● **REQUIRED WORK**: Please transcribe each of the records exactly as given.

● **THE INPUT**:
..............................
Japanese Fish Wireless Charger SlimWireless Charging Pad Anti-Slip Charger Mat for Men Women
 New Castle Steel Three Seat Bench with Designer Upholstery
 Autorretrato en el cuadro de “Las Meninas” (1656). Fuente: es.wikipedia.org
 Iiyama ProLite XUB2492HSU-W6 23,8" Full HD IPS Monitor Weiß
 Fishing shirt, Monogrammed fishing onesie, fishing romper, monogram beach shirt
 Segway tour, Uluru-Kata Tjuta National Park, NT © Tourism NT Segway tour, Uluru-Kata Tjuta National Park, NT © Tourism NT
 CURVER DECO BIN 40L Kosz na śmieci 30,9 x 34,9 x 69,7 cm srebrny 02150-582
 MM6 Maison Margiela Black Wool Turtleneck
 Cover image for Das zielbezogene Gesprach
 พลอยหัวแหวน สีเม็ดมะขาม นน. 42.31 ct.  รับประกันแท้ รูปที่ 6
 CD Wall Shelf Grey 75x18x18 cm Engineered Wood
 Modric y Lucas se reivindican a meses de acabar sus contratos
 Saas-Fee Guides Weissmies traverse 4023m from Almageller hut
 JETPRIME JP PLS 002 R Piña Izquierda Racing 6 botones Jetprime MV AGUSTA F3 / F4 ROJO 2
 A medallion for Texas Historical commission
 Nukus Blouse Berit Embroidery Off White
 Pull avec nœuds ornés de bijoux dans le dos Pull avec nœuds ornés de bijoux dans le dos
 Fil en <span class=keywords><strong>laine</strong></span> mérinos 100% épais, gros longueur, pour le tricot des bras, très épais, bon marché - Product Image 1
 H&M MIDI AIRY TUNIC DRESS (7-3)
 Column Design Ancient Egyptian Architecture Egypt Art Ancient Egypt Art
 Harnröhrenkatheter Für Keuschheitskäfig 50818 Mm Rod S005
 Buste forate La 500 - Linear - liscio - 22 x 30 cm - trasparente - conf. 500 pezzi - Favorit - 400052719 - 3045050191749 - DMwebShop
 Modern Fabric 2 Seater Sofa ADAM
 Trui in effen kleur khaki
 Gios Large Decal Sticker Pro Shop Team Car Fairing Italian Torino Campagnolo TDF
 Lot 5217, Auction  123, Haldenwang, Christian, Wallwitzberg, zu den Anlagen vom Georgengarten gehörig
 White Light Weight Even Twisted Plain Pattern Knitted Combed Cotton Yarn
..............................
● **OUTPUT FOR THIS EXERCISE**:
Japanese Fish Wireless Charger SlimWireless Charging Pad Anti-Slip Charger Mat for Men Women
 New Castle Steel Three Seat Bench with Designer Upholstery
 Autorretrato en el cuadro de “Las Meninas” (1656). Fuente: es.wikipedia.org
 Iiyama ProLite XUB2492HSU-W6 23,8" Full HD IPS Monitor Weiß
 Fishing shirt, Monogrammed fishing onesie, fishing romper, monogram beach shirt
 Segway tour, Uluru-Kata Tjuta National Park, NT © Tourism NT Segway tour, Uluru-Kata Tjuta National Park, NT © Tourism NT
 CURVER DECO BIN 40L Kosz na śmieci 30,9 x 34,9 x 69,7 cm srebrny 02150-582
 MM6 Maison Margiela Black Wool Turtleneck
 Cover image for Das zielbezogene Gesprach
 พลอยหัวแหวน สีเม็ดมะขาม นน. 42.31 ct.  รับประกันแท้ รูปที่ 6
 CD Wall Shelf Grey 75x18x18 cm Engineered Wood
 Modric y Lucas se reivindican a meses de acabar sus contratos
 Saas-Fee Guides Weissmies traverse 4023m from Almageller hut
 JETPRIME JP PLS 002 R Piña Izquierda Racing 6 botones Jetprime MV AGUSTA F3 / F4 ROJO 2
 A medallion for Texas Historical commission
 Nukus Blouse Berit Embroidery Off White
 Pull avec nœuds ornés de bijoux dans le dos Pull avec nœuds ornés de bijoux dans le dos
 Fil en <span class=keywords><strong>laine</strong></span> mérinos 100% épais, gros longueur, pour le tricot des bras, très épais, bon marché - Product Image 1
 H&M MIDI AIRY TUNIC DRESS (7-3)
 Column Design Ancient Egyptian Architecture Egypt Art Ancient Egypt Art
 Harnröhrenkatheter Für Keuschheitskäfig 50818 Mm Rod S005
 Buste forate La 500 - Linear - liscio - 22 x 30 cm - trasparente - conf. 500 pezzi - Favorit - 400052719 - 3045050191749 - DMwebShop
 Modern Fabric 2 Seater Sofa ADAM
 Trui in effen kleur khaki
 Gios Large Decal Sticker Pro Shop Team Car Fairing Italian Torino Campagnolo TDF
 Lot 5217, Auction  123, Haldenwang, Christian, Wallwitzberg, zu den Anlagen vom Georgengarten gehörig
 White Light Weight Even Twisted Plain Pattern Knitted Combed Cotton Yarn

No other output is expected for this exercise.